I'm learning here so bear with me but what tooling do I have? The cutters were made from 3/8 stock.

"Block" or solid spacer is correct. Essential, really.

"At the moment..' what you have is a suicide kit for a nasty crash.

First: A(ny) 4-Way.. or any OTHER TP ... needs to have solid basing right ON the top of the cross-slide OR - second-best - the top of a compound rest.

I see "daylight" of a POST instead.

So it can and it WILL "tilt". If no mill, you can use the lathe itself to "face" a rectangular plate in a 4-Jaw or a larger round disk in a 3-Jaw to the needed rise/thickness.

Second: Do NOT try to secure a(ny) cutting-tool with but ONE setscrew...except those in a boring-bar..where you may not have a choice.,, but "usually" DO have a full-surround mounting.

SEAT them firmly in the side-slot of the 4-Way.
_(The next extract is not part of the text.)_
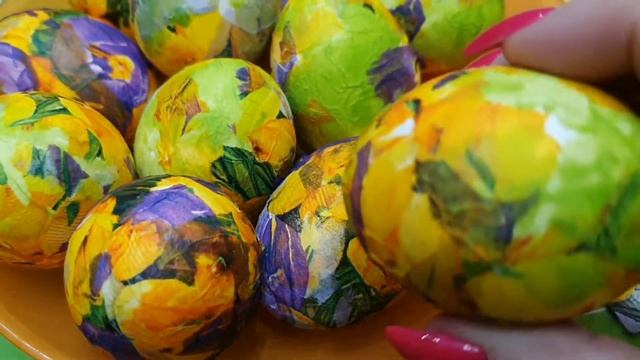 Готовимся к празднику Великой Пасхи! Украшаем яйца в технике Декупаж!Просто и экологично!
Then use all the set-screws as will bear. I like wedges. So I don't need as many shims. But a stack of shims to adjust tool-tip height is not REALLY a "Big Deal", either.

Used-but-good 4-Ways are cheap enough - from all the noobies putting a "QCTP" onto light/medium lathes before they have even finished tearing apart to paint it and lose half the parts, n'er to go back into use.. that I can own "many".. swap the entire 4-Way with the tools still in it, stock a modest collection of shims, but have ZERO spend on QCTP "tool holders".

:)

Third: Do NOT hang a(ny) cutting-tool the least amount further out than the minimum it needs to clear the "features" on the work.

ANY Toolpost, the closer you can get to ZERO hang out, PLUS .. the closer the tool-tip is to putting cutting down-force directly OVER the pivot of the compound (if any..) the safer and smoother the cut.

Hand-ground cutting tools are whatever shape some prior craftsman was used to for HIS work. He could as easily have been a fool as a genius.

Buy a collection or two of used ones.

"Observe"... then experiment.

It will save you time as to learning what works for YOUR needs faster than you can otherwise "try stuff" on your own.

Sharpening an already SHAPED cutting tool is quick.

It is the shaping of them from the virgin blank or re-shaping from a different and unrelated shape - that is slow.

Used, ergo "pre-shaped", HSS/Cobalt cutting tools may have as much precious TIME stored in them as they have potential sharp edges left to generate and put to work. Which is a LOT of edges, BTW.

Inserts OTOH are meant to be consumables. Recycled. AND NOT re-sharpened.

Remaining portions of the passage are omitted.